What the task asks:
Look below for the line containing "Empty laundry room", then write out that line and every line after it to the end, exactly, minus the pictures.

Supplied data:
-------------------------
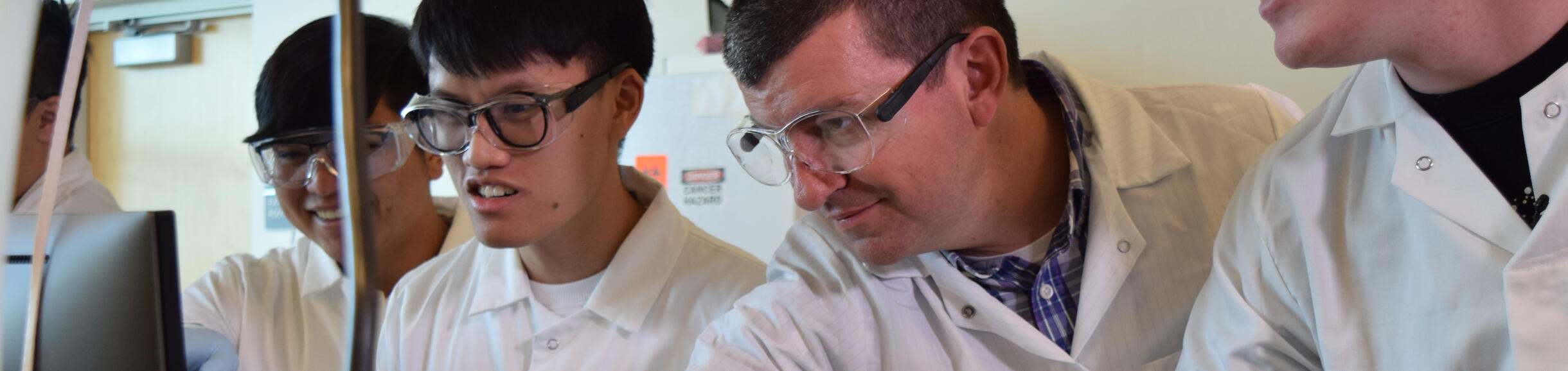 An instructor wearing safety glasses and a lab coat is guiding a group of students in protective eyewear as they look at a computer monitor in a lab setting.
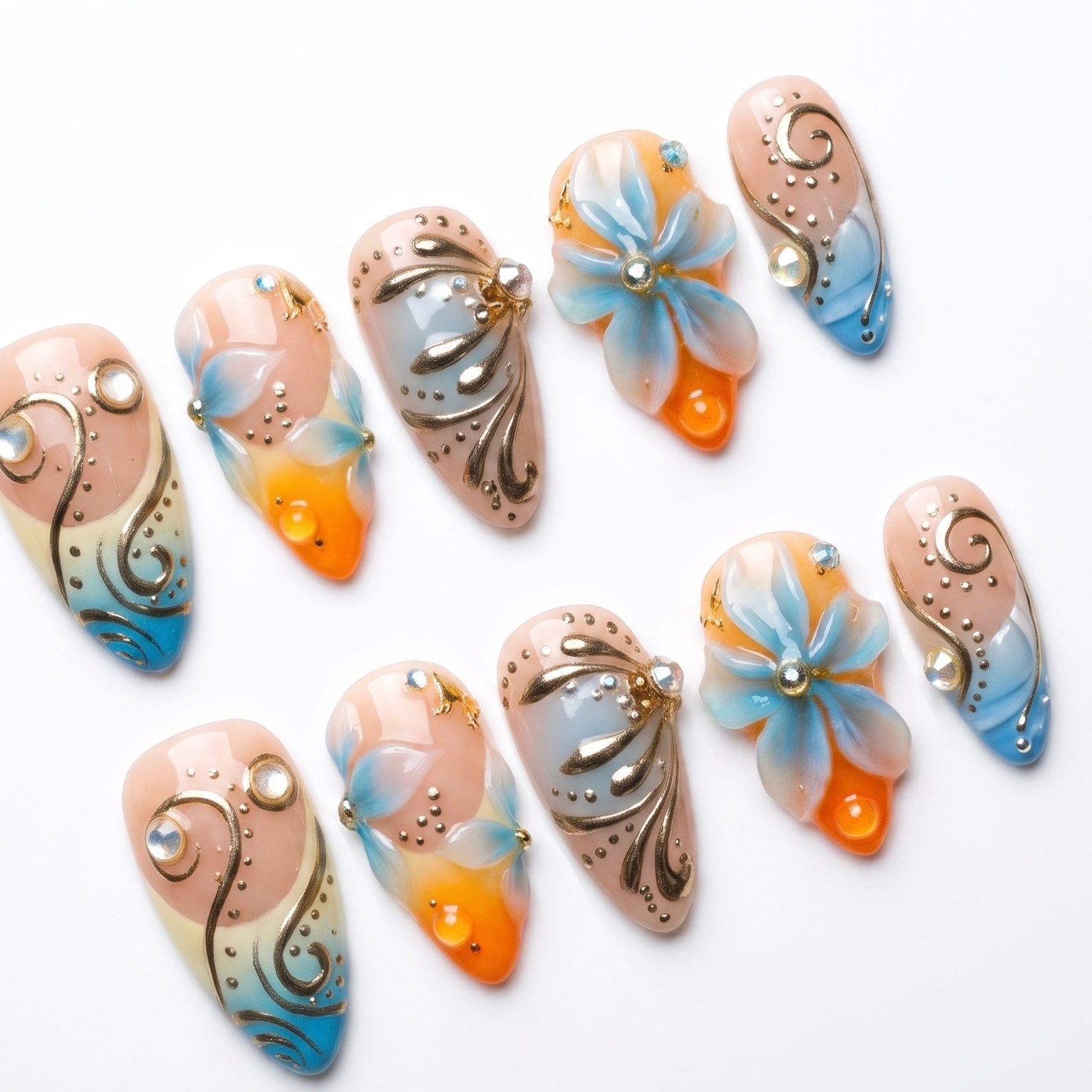 Reusable handmade blue and coral press-on nails set by Nailsium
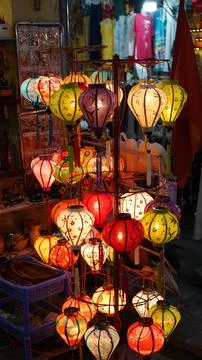 Dense Overhead Cluster of Painted Silk Lanterns in Warm and Cool Tones at H.. Stock Photos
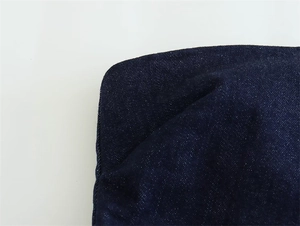 Close-up of dark blue denim fabric texture showing detailed twill weave and neat stitching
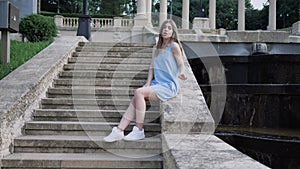 Beautiful young woman in blue dress sits on staircase near cascading fountain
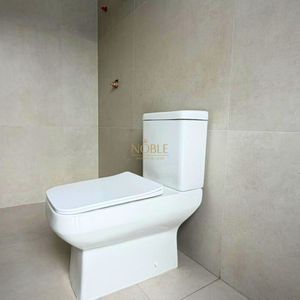 Casa com 284m², 4 dormitórios, 1 suíte, 2 vagas no bairro Igra Sul em Torres para Comprar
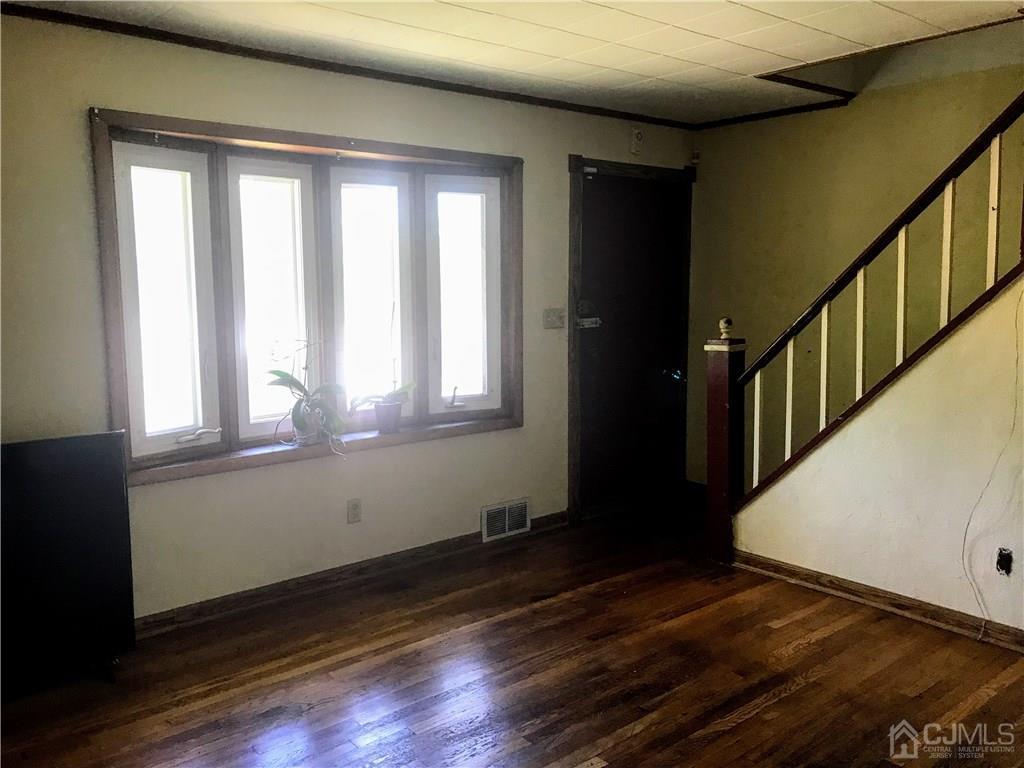 1606 Oak Tree Road Iselin, NJ 08830 - Photo 4 of 9 a view of an empty room with wooden floor and a window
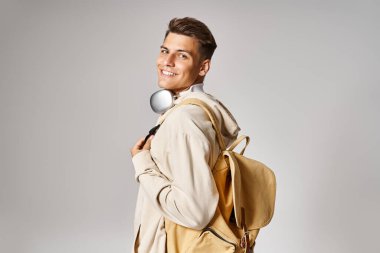 smiling student in headphones and casual outfit with backpack looking from behind back clipart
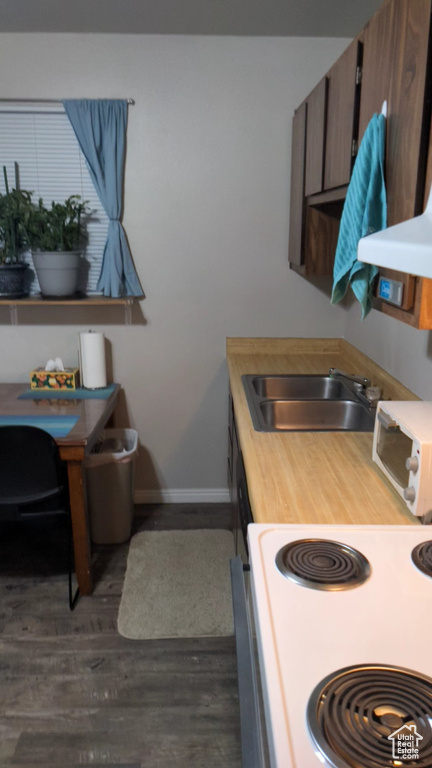 Kitchen featuring electric range, a sink, baseboards, dark wood finished floors, and an office area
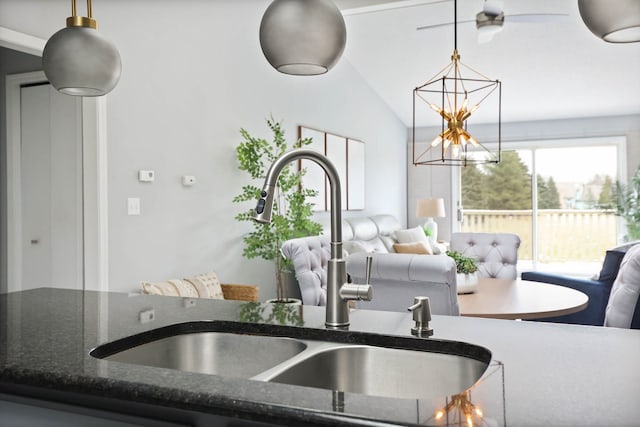 kitchen featuring pendant lighting, a chandelier, sink, and vaulted ceiling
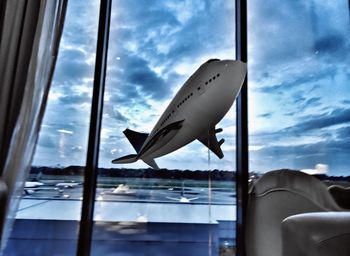 Close-up of airplane window against sky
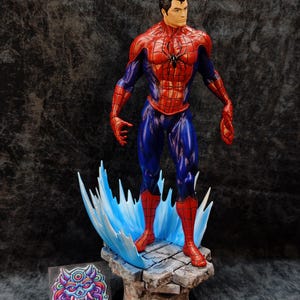 Op de afbeelding: Gedetailleerd beeldje van Spider-Man in een dynamische pose, gekleed in zijn iconische rood-blauwe pak. Het beeld staat op een stenen voet met blauwe watereffecten. De basis heeft een zwarte cirkelvormige standaard. Het beeld heeft een zwart spinnenembleem op de borst.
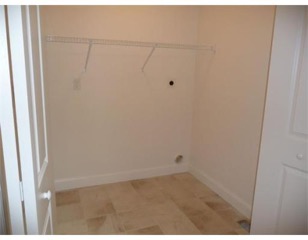 Empty laundry room with beige tile floor, white walls, and a wire shelf on the back wall.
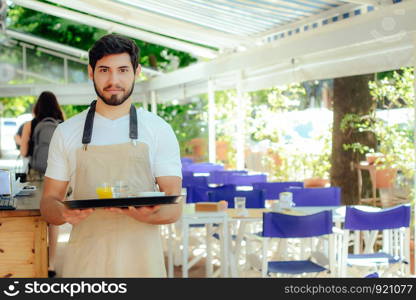 Handsome young waiter holding tray at the coffee shop. Service concept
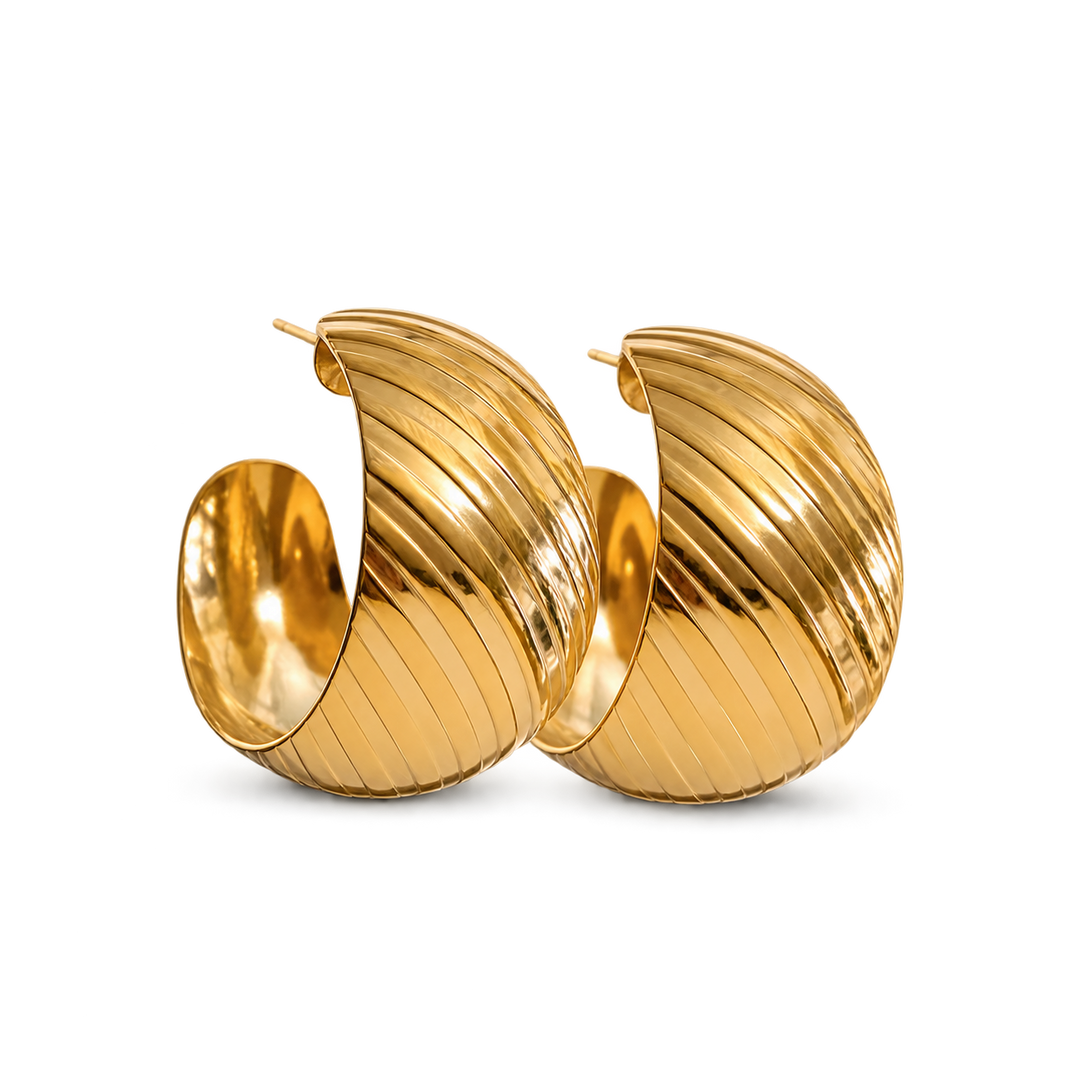 A pair of large, polished gold huggie hoop earrings with a distinctive ribbed, fluted texture, shown on a clean white background.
-------------------------
Expected answer:
 Empty laundry room with beige tile floor, white walls, and a wire shelf on the back wall.
 Handsome young waiter holding tray at the coffee shop. Service concept
 A pair of large, polished gold huggie hoop earrings with a distinctive ribbed, fluted texture, shown on a clean white background.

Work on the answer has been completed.